SEC Settlement Order
The Adviser is a dual RIA and broker-dealer, serving its
customers through a nationwide network of representatives at branch
offices known as member firms. According to the SEC's order,
the Adviser violated Regulation S-P by failing to adopt and
implement reasonably designed enterprise-level policies to protect
customer records and information. The SEC also found violations of
Regulation S-ID for failing to maintain and periodically update an
identity theft prevention program.
Between July 2019 and March 2024, the Adviser faced several email
account takeovers affecting 17 accounts across 13 member firms.
Unauthorized actors accessed business email accounts and
disseminated credential-harvesting emails to roughly 8,500
individuals, including a significant number of customers; four
firms experienced repeat compromises, with the second incident
alone affecting approximately 2,952 individuals. At least one
incident resulted in an unauthorized wire transfer. The takeovers
exposed customer records and personally identifiable information
contained in the compromised accounts and, according to the SEC,
occurred at firms that lacked basic controls required by the
Adviser's own 2020 information security policy, including
multifactor authentication (MFA), a written incident response
framework, and annual security awareness training.

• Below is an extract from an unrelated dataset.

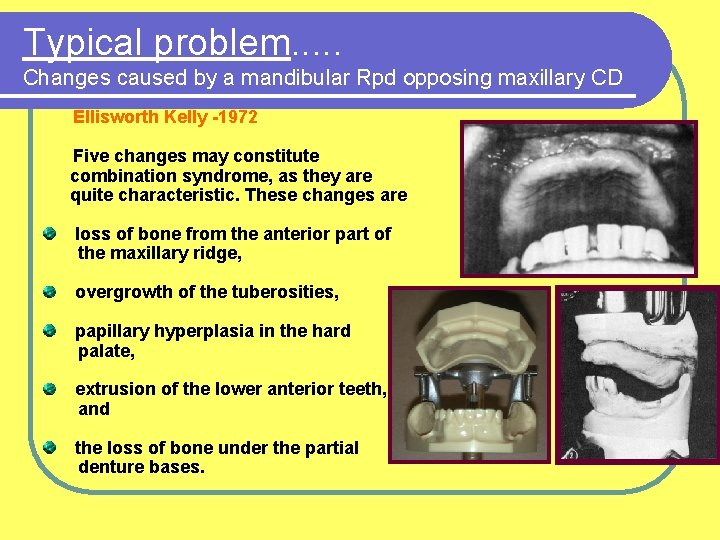 Typical problem. . . Changes caused by a mandibular Rpd opposing maxillary CD Ellisworth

The order also faults the Adviser's enterprise governance.
Prior to September 2020, the Adviser lacked a written
enterprisewide information security policy for member firms.

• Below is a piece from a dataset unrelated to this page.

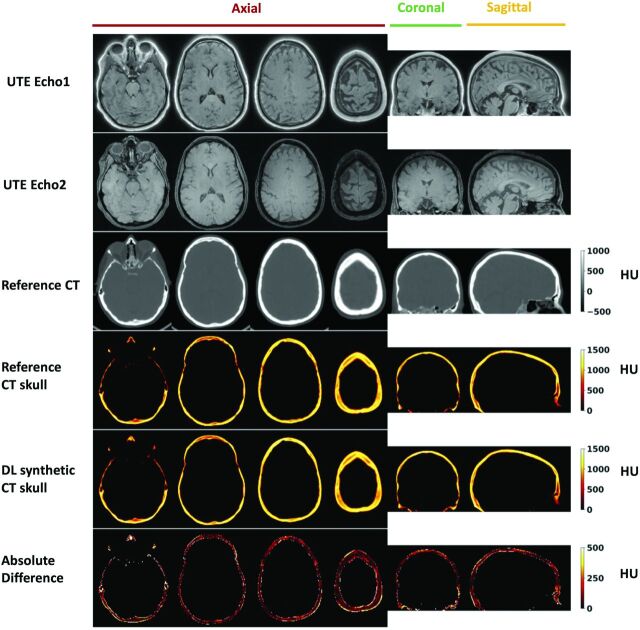 FIG 2.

Although the Adviser adopted an information security policy in
September 2020 covering 17 control categories, including MFA,
incident response, and training, the SEC found the policy was not
reasonably designed or effectively implemented. Adviser-collected
data in 2021 and 2023 showed continuing control gaps at member
firms; nevertheless, the Adviser did not enforce compliance, impose
consequences, or strengthen its oversight in response.
Separately, the SEC took issue with the Adviser's failure to
develop and implement an identity theft prevention program that was
periodically updated to reflect changes in risk, despite ongoing
cybersecurity incidents affecting customers. Specifically, the
program had had no material updates since at least 2015, and it
omitted cybersecurity related red flags even as the Adviser
experienced email account takeovers at member firms during the
relevant period. The SEC also found that the program lacked
reasonable policies and procedures to detect and respond to red
flags arising from cybersecurity breaches, and the procedures in
place did not specify steps member firms should take in response to
incidents like email account takeovers to prevent and mitigate
identity theft. In addition, the Adviser failed to periodically
determine whether it offered or maintained "covered
accounts," had no policies or procedures for identifying
covered accounts, and did not conduct required periodic risk
assessments considering how accounts are opened and accessed and
the Adviser's prior identity theft experiences.
Legal Violations
The SEC found willful violations of:
- Regulation S-P:failure to adopt written policies and procedures reasonably designed to protect customer records and information.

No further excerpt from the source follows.